Everything You Need to Know About the FDA’s Proposed Benefit-Risk Assessment for New Drug and Biological Products

Posted by Chad Birt on Mar 4, 2022 10:00:00 AM
Chad Birt

On September 29, 2021, The Food and Drug Administration (FDA), released a proposed benefit-risk assessment for new drug and biological products. The document, published in draft guidance form, shines a spotlight on the FDA’s decision-making processes. 


In particular, it provides key insights that trial sponsors, patient advocacy organizations, and other stakeholders can use when considering the benefits and risks of new drugs or biological products early in the stages of development. You can read the entire document by clicking here


The FDA’s benefit-risk assessment covers various topics, but its main focus is the structured planning that trial sponsors should take to reduce uncertainty and demonstrate a specific product’s favorable benefit-risk profile.

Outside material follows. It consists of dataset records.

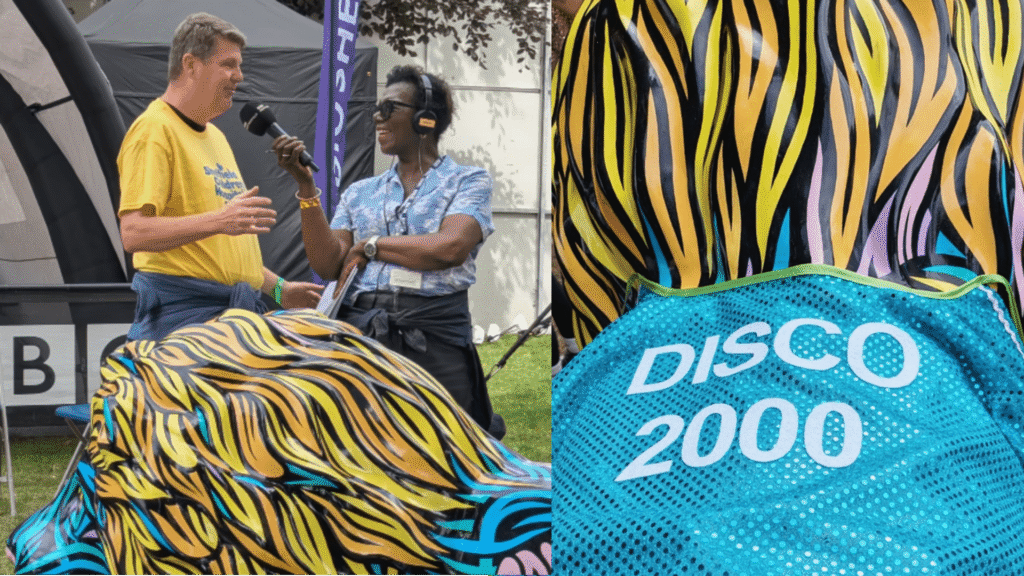 Two images side by side. One features a woman wearing headphones and holding a microphone up to a man who is mid-sentence. In the foreground, a majestic painted lion can be seen. The second image features a glittery blue cape that reads DISCO 2000 - stylishly positioned on the back of the lion.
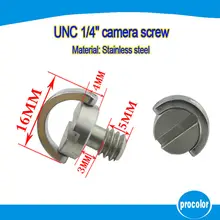 1/4″ UNC stainless steel slotted round D ring screw for tripod monopod ball head quick release plate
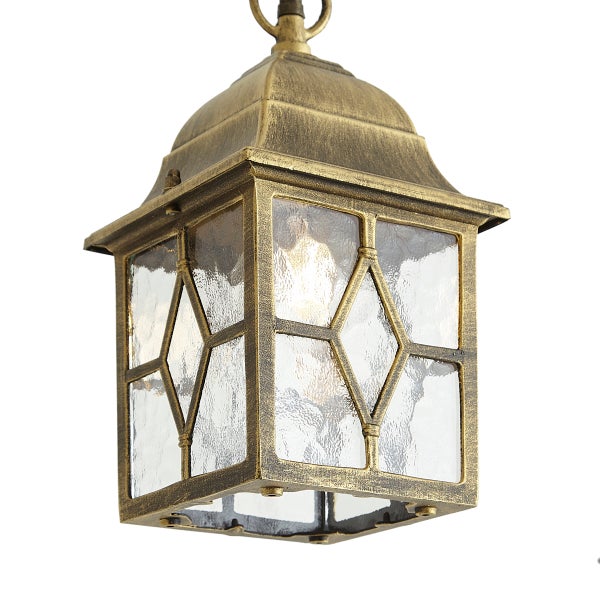 Antike Außenpendelleuchte im Laternen-Design mit Strukturglas und wetterbeständigem Metallrahmen in gebürsteter Optik.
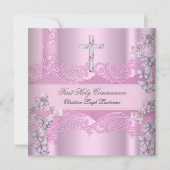 Girl First Holy Communion Lace Pink Einladung (Vorderseite)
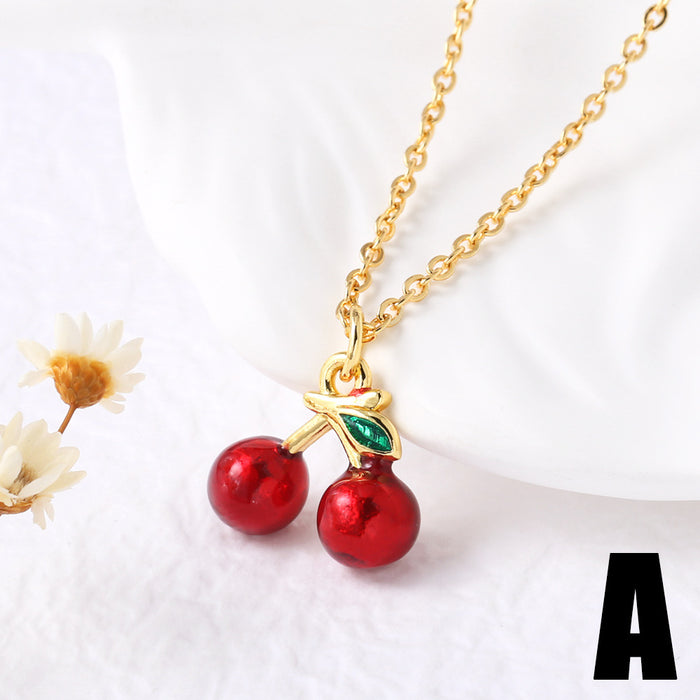 Wholesale Jewelry  Fruit Cherry Pendant Necklace Women Gold Plated Oil Drop Collarbone Chain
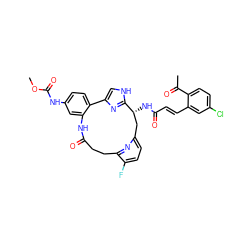 COC(=O)Nc1ccc2c(c1)NC(=O)CCc1nc(ccc1F)C[C@@H](NC(=O)/C=C/c1cc(Cl)ccc1C(C)=O)c1nc-2c[nH]1 ZINC000072316249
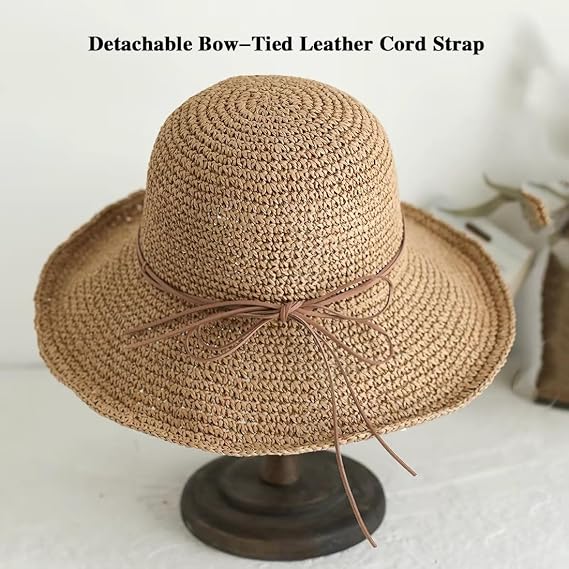 Women Straw Bucket Hat Wide Brim Foldable UPF 50+ - Image 2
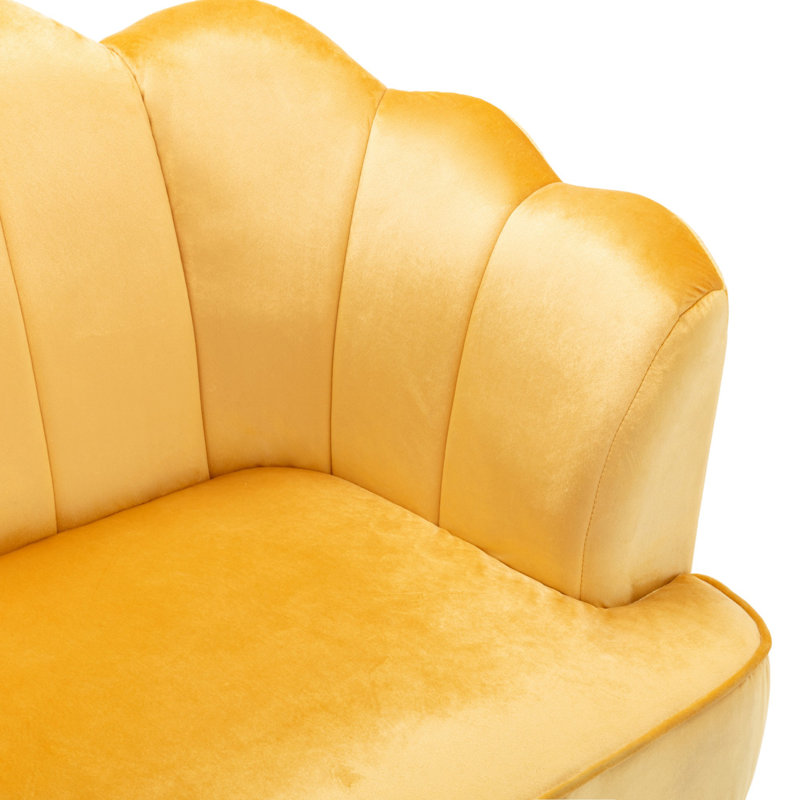 Conesha Velvet Flared Arm Sofa Convertible Sofa Modern Sofa Living Room Sofa, Yellow Velvet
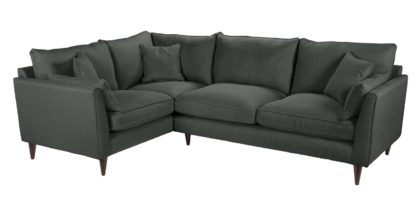 An Image of Habitat Hector Right Corner Fabric Sofa - Charocal Linen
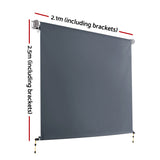 Instahut 2.1X2.5M Outdoor Blinds Awning Roll Down Canopy Retractable Outdoor Blinds Window Shade Grey - Front View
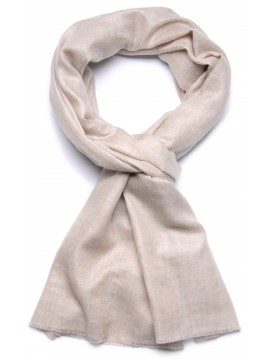 Echte pashmina licht natuurlijk beige TWILL - 100% cashmere Stola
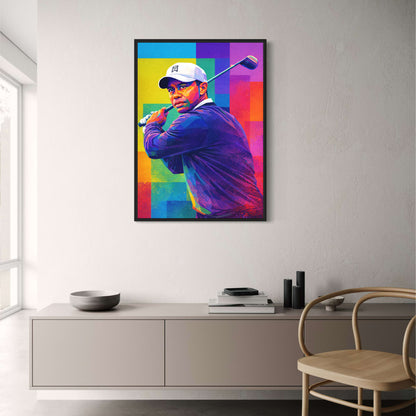 Tiger Woods | Vibrant Geometric Golf Art | Abstract Colorful Golfer Portrait Swing | Pop Art Cubism Wall Decor | Unique Print Poster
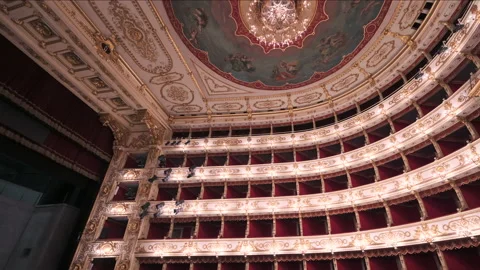 Parma, Emilia-Romagna, Italy. January 2022. Amazing pan footage inside the stage Stock-Footage 168256732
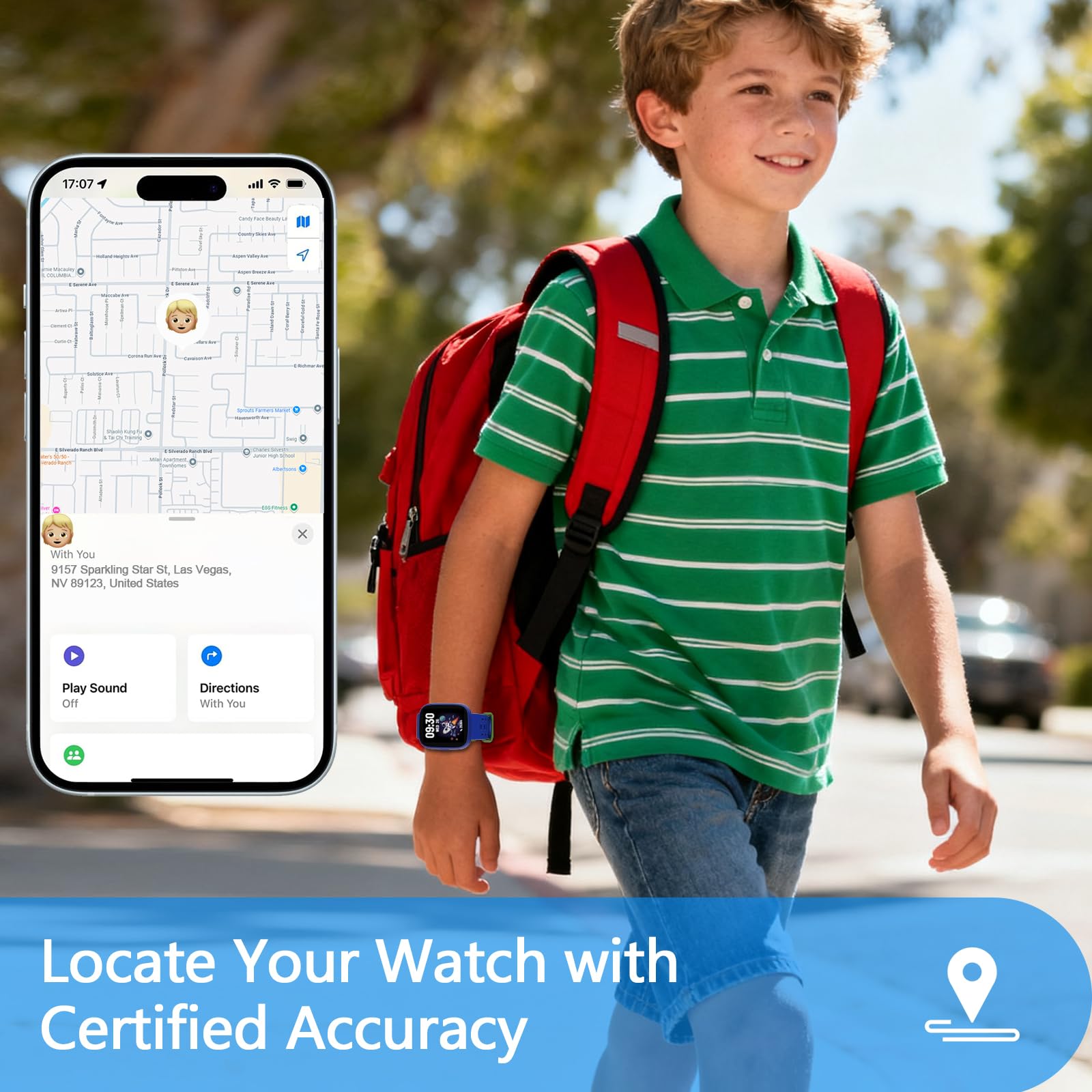 Smart Watch per bambini con Find My (solo iOS), orologio fitness tracker touch screen da 1,83", 80 contapassi, contacalorie con giochi di puzzle per ragazzi e ragazze 7-10 con/senza app, PL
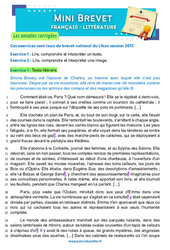 Emma Bovary - G. Flaubert - 3ème - Mini-brevet - Français - Annales corrigées - PDF à imprimer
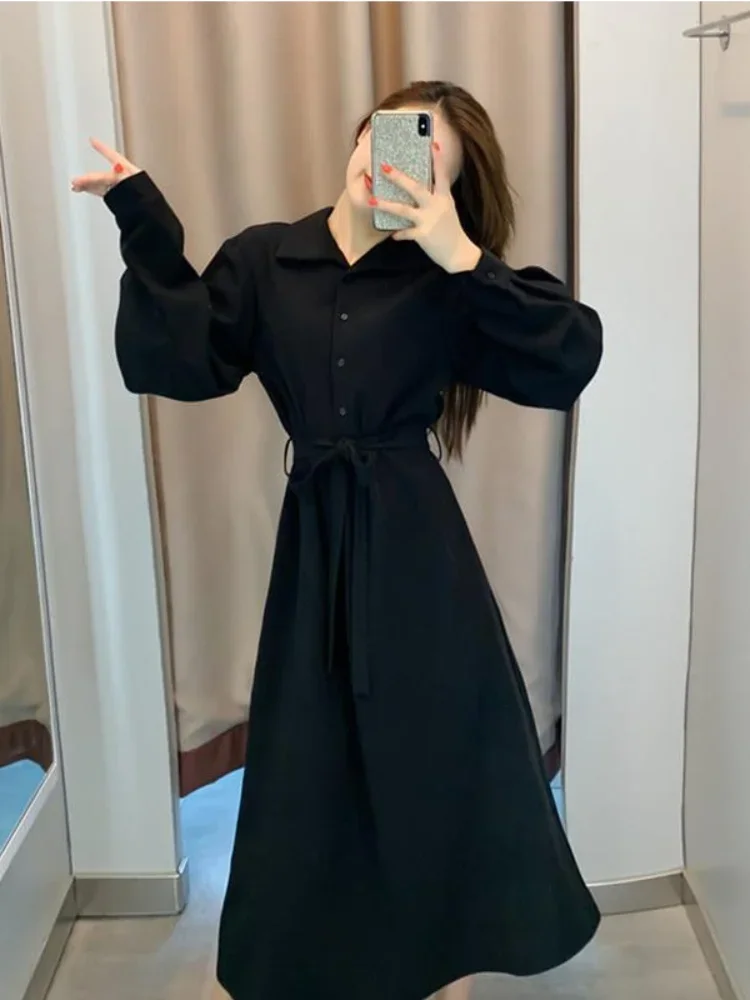 QWEEK-Vestido camisero negro para mujer, ropa informal Vintage de manga larga para fiesta, elegante, estilo Kpop, Harajuku, 2022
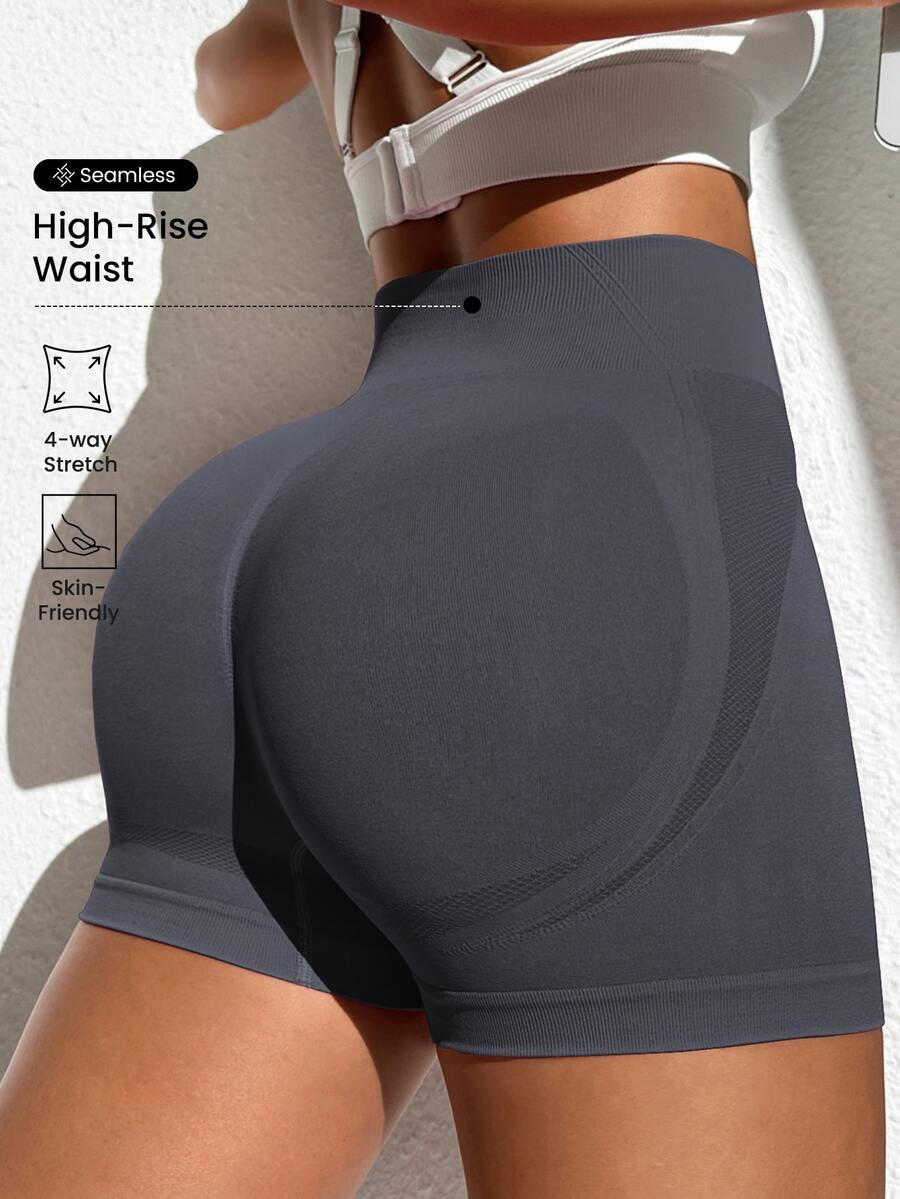 Slayform Slayform Easithlete Women's High Waist Yoga Shorts,Seamless Lifting Sports Shorts,Comfortable High-Rise Athletic Biker Shorts For Gym Workout,Running - Dark Grey - View 1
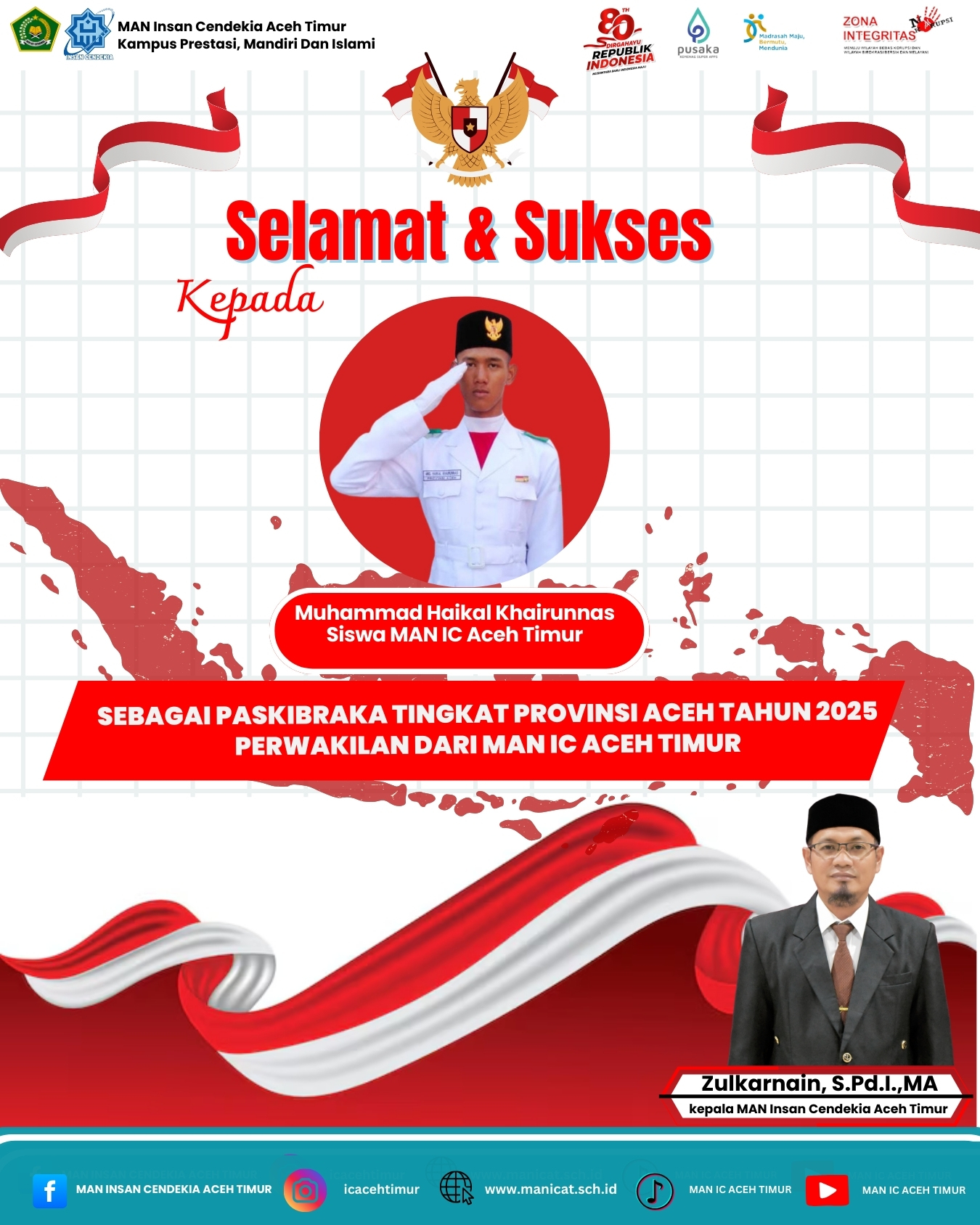 Muhammad Haikal Khairunnas Harumkan Nama MAN IC Aceh Timur di Paskibraka Tingkat Provinsi Aceh Tahun 2025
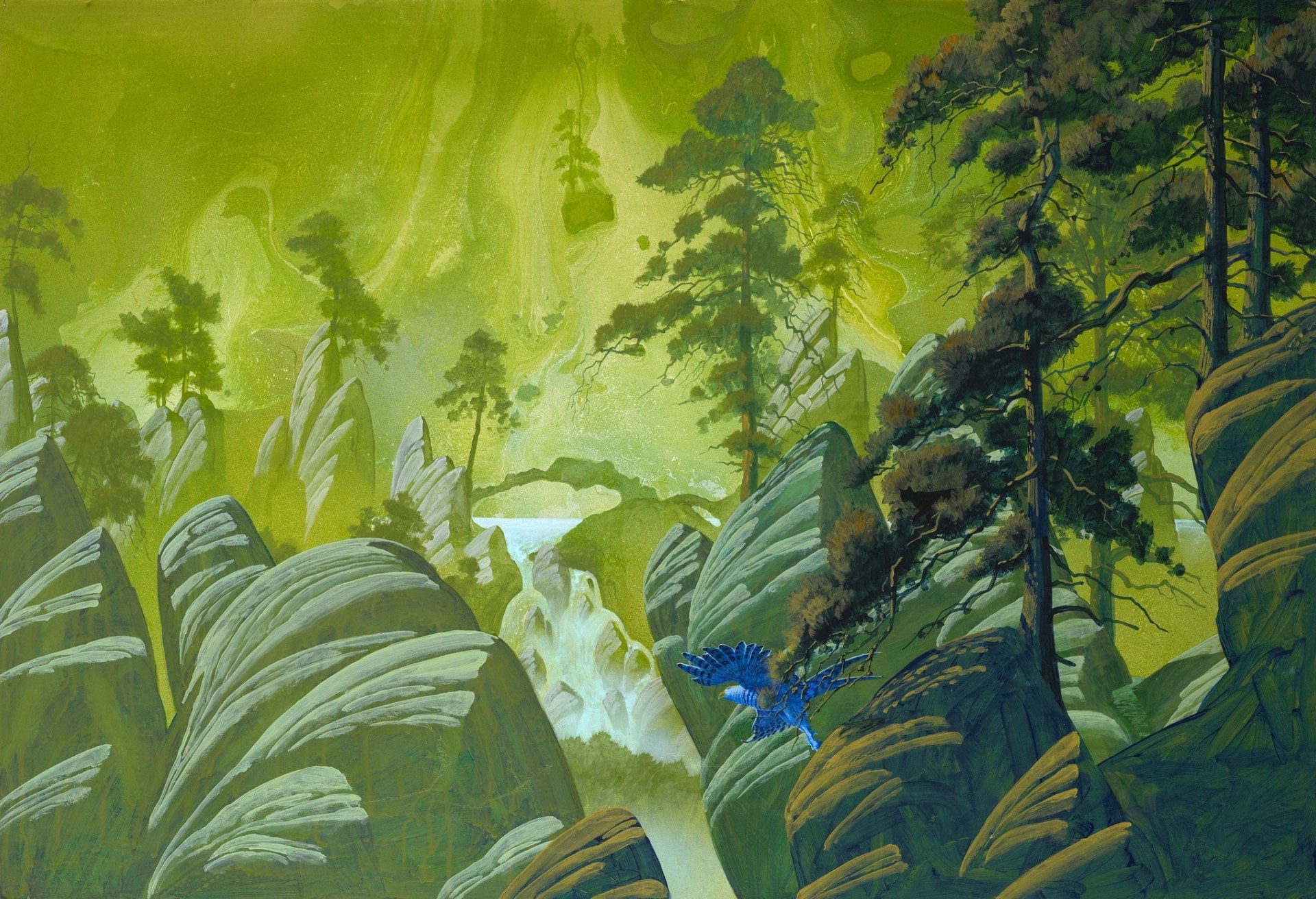 steine kunst wasserfall kiefern vögel bäume roger dean fiktion felsen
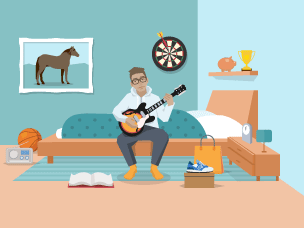 Boy in bedroom playing the guitar with a picture of a horse on the wall.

While this goal might seem vague, the draft document makes 4 specific suggestions. Let’s take a closer look:


1) Trial sponsors must engage in benefit-risk planning throughout the lifecycle of every drug or product. Considering that more than 30% of Phase II drugs and more than 58% of Phase III drugs fail, benefit-risk planning should never be an afterthought. The amount of time, money, and effort dedicated to developing new drugs and therapeutics requires all stakeholders to be on their A-game all of the time. 


A thorough benefit-risk assessment considers every aspect of the trial process, including the identification and recruitment of patients, establishing controls to identify the benefit-risk profile, and monitoring of anticipated serious adverse events. 


2) Trial sponsors must pay special attention to the patient experience. The FDA’s new draft guidance expresses support for the Center for Biologics Evaluation and Research’s (CBER) belief that all benefit-risk assessments should consider the patient experience. 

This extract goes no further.